I remember reading somewhere to carry some Benadryl and if the dog gets bit, to administer the Benadryl to help with the swelling... Regardless, I carry Benadryl in the truck for this reason. 

Note. (Disclaimer) I am NOT a vet. I am NOT affiliated with a University Vet School. This is something I've heard. Do your own due diligence.


----------



## Spy Car (Sep 3, 2014)

v-john said:


> Spy Car said:
> 
> 
> > Why do you care?
> ...


----------



## v-john (Jan 27, 2013)

Spy Car said:


> v-john said:
> 
> 
> > It's a discussion forum John, and when misinformation gets spread that can potentially harm or kill dogs, and without question hurts people's pocketbooks with zero benefits established by medical evidence, I think it is better to bring up the problems rather than see people get snookered by what appears to me to be a fraud.
> ...


----------



## Spy Car (Sep 3, 2014)

v-john said:


> Spy Car said:
> 
> 
> > I am quite aware it is a discussion forum. I read that when I clicked in.
> ...


----------



## texasred (Jan 29, 2012)

So you did research, and formed your own opinion. But don't feel others have the same right. 

I think that's your only problem when you post on the forum. Your need to feel right above all else. Keep spewing the same thing over, and over again. Until nothing is learned, and it just snowballs.


----------



## Spy Car (Sep 3, 2014)

texasred said:


> So you did research, and formed your own opinion. But don't feel others have the same right.
> 
> I think that's your only problem when you post on the forum. Your need to feel right above all else. Keep spewing the same thing over, and over again. Until nothing is learned, and it just snowballs.

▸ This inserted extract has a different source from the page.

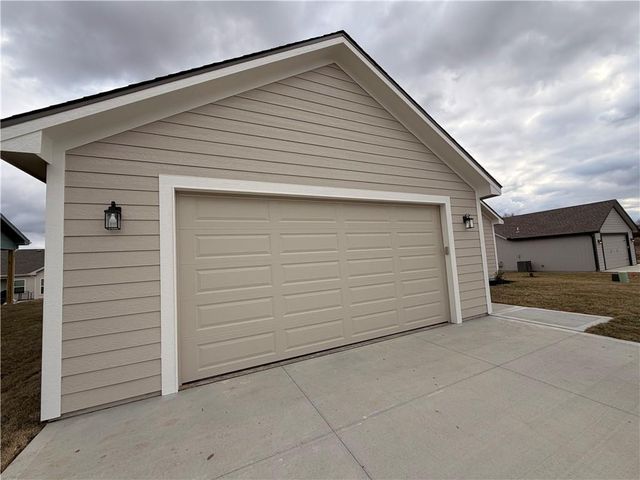1309 NE White Oaks Lane, Oak Grove, MO 64075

Wrong Deb, and please refrain from intentionally misstating my position. 

People certainly ought to research this product before injecting a toxin into their dogs that has no demonstrated efficacy. They will find its use has no evidence-based support from Veterinary Schools or experts in the field.

Please link to the (non-existant) "rabbit study" you alluded to earlier.

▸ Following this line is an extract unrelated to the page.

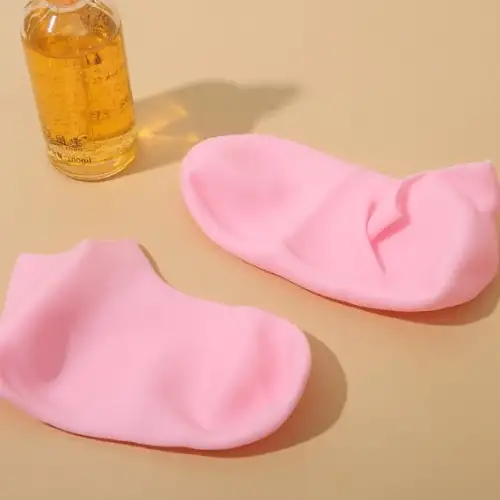 Silikon Nemlendirici Çorap Ayak Bakım Çorabı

You are posting misinformation. I'm attempting to address the facts and an not "spewing" anything except the scientific position on this shot. 

You should quit with the personal attacks just because someone reasons an issue differently than you do. Especially when the leading Veterinary Schools conclude this shot has no proven effacasy and recommend against its use.

Bill


----------



## texasred (Jan 29, 2012)

I don't care if someone has a different opinion. Its a forum, and believe it or not, its expected. I could keep going back and forth with you. Or have a drink, and watch the grass grow. Right now the latter is looking pretty good. 

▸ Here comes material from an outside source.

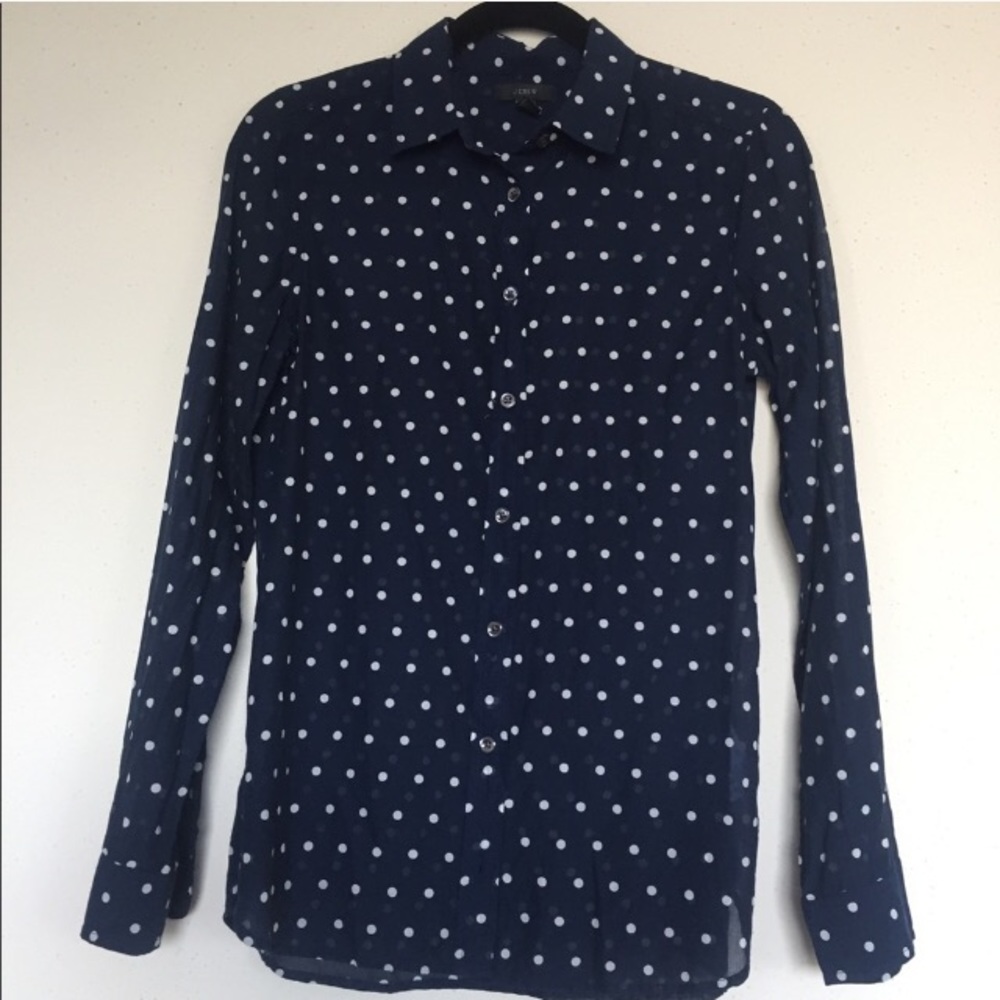🎉🎉🎉J Crew polka dot button down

There's a good chance I'm going to have to clean up this thread later. So I'm going to enjoy the rest of my evening outdoors.


----------



## MikoMN (Nov 29, 2016)

*Ahhh Science....*

I'm not trying to fuel any fires here, but I did notice everyone agrees on one thing. Do your own research. I also noticed that there were no links to any studies from either side of the opinions. Just because someone speaks louder, or more forceful, or more often, it doesn't make them right unless they can show me WHY they have that opinion. For anyone who might be searching this subject with the intent to decide what is best for their individual situation and dog, here are a few links. None of them necessarily show my viewpoint. However, I tried my best to not pull something from the "www.IHATEALLVACCINES.com" type websites. I find them too full of opinion, while never actually giving sources. Sources are important to me. Quite frankly, I haven't found enough actual evidence either way to form an opinion yet. 

People seem to say, that since there is no proof it works, that must mean it doesn't work. That is not true. Just because you can't PROVE something, doesn't mean the opposite HAS to be true. An example of this is when my kids sneak cookies. I didn't see them, I don't have their stomachs pumped to get the cookie remains. I really have no proof that they did it, but let's be honest.....I know they did. No proof, but it is still true. Don't tell me that "science" shows that it doesn't work without giving me a legit research paper on it. Not an expert opinion, but research. That is science. But it is also a fallacy to say that it does work without evidence as well. ---Thus the reason I don't yet know which I believe. 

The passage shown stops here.